4. Acquiring Tastes and Loves
What Neuroplasticity Teaches Us
Pada bab ini Doidge banyak mengacu pada pendapat Sigmund Freud tentang perkembangan psikologi anak yang berhubungan dengan aspek seksual.
Menurut Freud, “The sexual instincts are noticeable to us for their plasticity, their capacity for altering their aims”. Ini merupakan salah satu kontribusi penting Freud dalam pemahaman ilmu syaraf otak, yaitu tentang adanya masa critical periods untuk plastisitas seksual.
Menurut Freud, pelecehan seksual terhadap anak-anak akan sangat membekas atau traumatik, mengingat berada pada masa critical period, yang akan mempengaruhi sikap, pandangan bahkan orientasi seksual anak di kemudian hari. Sebuah badan penelitian di AS mengkonfirmasi pendapat Freud bahwa bila relasi sosial masa kecil seseorang mengalami masalah, akan “mengendap” dalam otak anak-anak tersebut dan berdampak pada masa dewasanya. Banyak Embryologist berpendapat bahwa perkembangan sistem syaraf otak dimulai sejak masa embrio, sehingga bila terjadi gangguan pada masa tersebut, akan sangat berdampak pada sisa kehidupannya. Dapat disimpulkan bahwa pendapat Freud tentang perkembangan seksual pada masa pertumbuhan awal manusia, sesuai dengan konsep critical periods, dimana pada rentang waktu tertentu di masa kecil, perkembangan sistem dan peta otak baru banyak dipengaruhi stimulasi oleh orang-orang disekitarnya.
5. Midnight Resurrections
Stroke Victims Learn to Move and Speak Again
Bab ini bercerita tentang penelitian Edward Taub terhadap penderita stroke yang bisa disembuhkan, karena prinsip neuroplastisitas, “use it or lose it”. Therapi yang disiplin, sabar dan menerus ternyata mampu menyembuhkan. Edward Taub, mahasiswa Kedokteran di Universitas New York, berhasil memperoleh Ph.D nya melalui penelitian terhadap penyembuhan kera yang lumpuh salah satu lengannya melalui therapi neurosains. Proses penyembuhan dari penelitian Taub ini membuktikan bahwa neuroplastisitas mampu digunakan untuk therapi penyembuhan penderita stroke.

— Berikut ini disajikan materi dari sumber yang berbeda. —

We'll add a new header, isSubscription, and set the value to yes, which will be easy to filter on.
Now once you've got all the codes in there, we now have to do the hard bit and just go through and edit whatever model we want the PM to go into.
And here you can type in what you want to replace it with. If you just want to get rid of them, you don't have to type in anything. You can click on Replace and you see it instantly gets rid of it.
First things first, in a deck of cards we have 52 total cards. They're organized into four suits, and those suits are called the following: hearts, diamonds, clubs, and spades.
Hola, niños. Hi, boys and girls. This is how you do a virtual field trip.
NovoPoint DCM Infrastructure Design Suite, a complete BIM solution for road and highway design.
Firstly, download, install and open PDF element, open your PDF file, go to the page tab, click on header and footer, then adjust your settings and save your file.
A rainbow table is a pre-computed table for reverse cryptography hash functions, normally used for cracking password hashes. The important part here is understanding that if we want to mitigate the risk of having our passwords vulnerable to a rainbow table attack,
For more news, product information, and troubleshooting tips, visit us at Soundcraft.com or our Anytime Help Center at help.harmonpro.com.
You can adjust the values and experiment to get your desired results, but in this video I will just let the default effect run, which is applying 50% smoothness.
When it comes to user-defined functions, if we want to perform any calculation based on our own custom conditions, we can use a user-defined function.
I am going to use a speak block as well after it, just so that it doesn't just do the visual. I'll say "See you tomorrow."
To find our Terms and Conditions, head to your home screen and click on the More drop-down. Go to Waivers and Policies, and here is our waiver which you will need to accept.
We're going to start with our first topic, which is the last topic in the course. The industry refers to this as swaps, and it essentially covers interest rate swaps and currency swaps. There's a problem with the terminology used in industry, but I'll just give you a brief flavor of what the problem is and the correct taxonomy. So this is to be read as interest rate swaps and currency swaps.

Stroke adalah serangan keras mendadak terhadap otak, dari dalam, akibat penyumbatan pembuluh darah arteri sehingga memutus pasokan oksigen ke otak. Stroke menjadi penyebab utama disability kaum dewasa saat ini. Dokter ahli di Ruang Tanggap Darurat mungkin saja masih mampu untuk mencegah akibat stroke lebih lanjut pada pasien stroke, dengan cara membuka penyumbatan pembuluh darah atau menghentikan pendarahan otak, namun bila kerusakan telah mulai terjadi, bahkan pengobatan pun akan sedikit membantu untuk dapat menyembuhkan seketika. Pada beberapa penderita stroke, mereka mampu sembuh dengan berlatih sendiri, namun begitu mereka berhenti, maka bahkan therapi tradisional pun akan susah membantunya.
Bab 6 Brain Lock Unlocked
Using Plasticity to Stop Worries, Obsessions, Compulsions, and Bad Habits.

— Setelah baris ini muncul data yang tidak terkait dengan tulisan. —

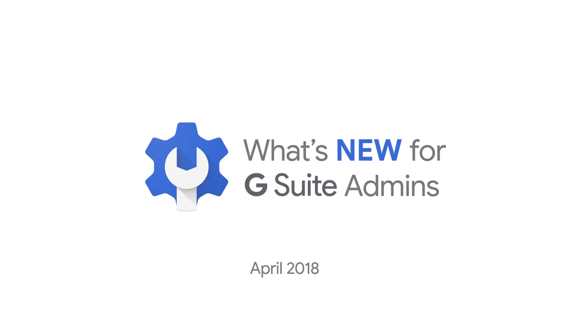Hey admins, welcome back to this month's edition of What's New for G Suite Admins. Ryan here, and I'm excited to share with you the feature updates for the month of April. Let's get started.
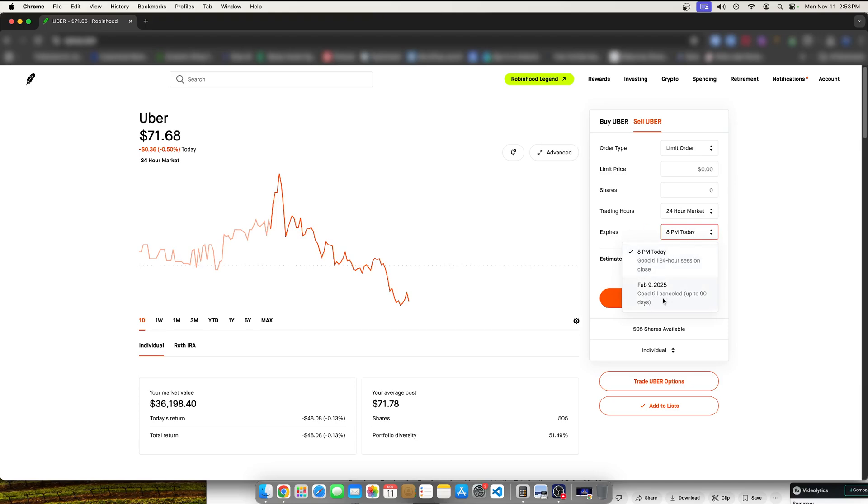And we have an expiration. We have an expiration of 90 days or we have an expiration for the current day. If you want to sell it earlier, just have an expiration earlier. If you want to sell it later throughout the 90 days, select this one.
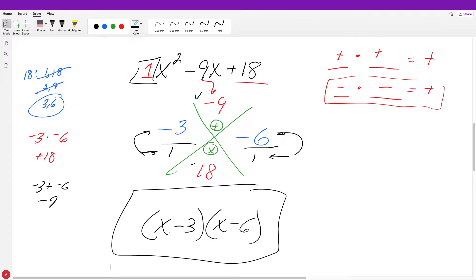There is one more example where the leading coefficient is not 1, which is why I prefer this method over others. When these x squared numbers have a coefficient of 1, other methods might be a bit faster. But those methods become harder when that number is no longer 1. With this method, you just use it every time — you don't have to think about when and when not to use it.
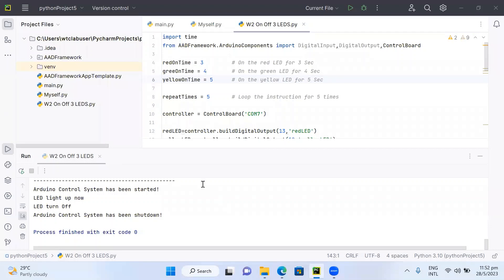After completing 5 loops, the program exits the loop, the LEDs turn off, and the Arduino control system shuts down. This successfully completes the lab session. You can see how PyCharm can be used to turn on or off three LEDs through the Arduino Uno board. Thank you so much for your strong support — hope to see you soon, bye for now.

Obsessive-Compulsive Disorder (OCD) adalah kelainan psikologis yang menyebabkan seseorang memiliki pikiran obsesif dan perilaku yang bersifat kompulsif. OCD ini termasuk gangguan psikis yang paling sering dialami seseorang selain phobias, post-traumatic stress disorders, dan panic attacks. Kekhawatiran akut sering dirasakan penderita OCD, seperti khawatir akan sakit, anak akan celaka, pintu belum terkunci, membunuh anak tanpa sengaja, merasa tidak nyaman karena lukisan yang tergantung miring, dsb.  Semakin penderita OCD memikirkan kekhawatirannya, maka semakin terbenam dia terhadap ketakutannya, dan sulit melepaskannya.
Gangguan OCD sulit disembuhkan. Medikasi dan therapi perilaku (behaviour therapy) hanya mampu mengurangi penderitaan, tidak menyembuhkan. Jeffrey M. Schwartz telah mengembangkan penanganan yang efektif berbasis neuroplastisitas, yang mampu membantu tidak hanya untuk penderita OCD, namun juga untuk kita semua yang selalu merasa khawatir terhadap banyak hal yang tak nyata setiap harinya.
Pada bab ini Jeffrey M. Schwartz, dalam bahasa awam, sangat bagus menjelaskan tentang penyebab,  proses dan adanya tiga bagian otak yang hiperaktif (orbital frontal cortex, cingulate gyrus, caudate nucleus), sehingga menyebabkan terjadinya gangguan OCD, serta bagaimana mengatasinya.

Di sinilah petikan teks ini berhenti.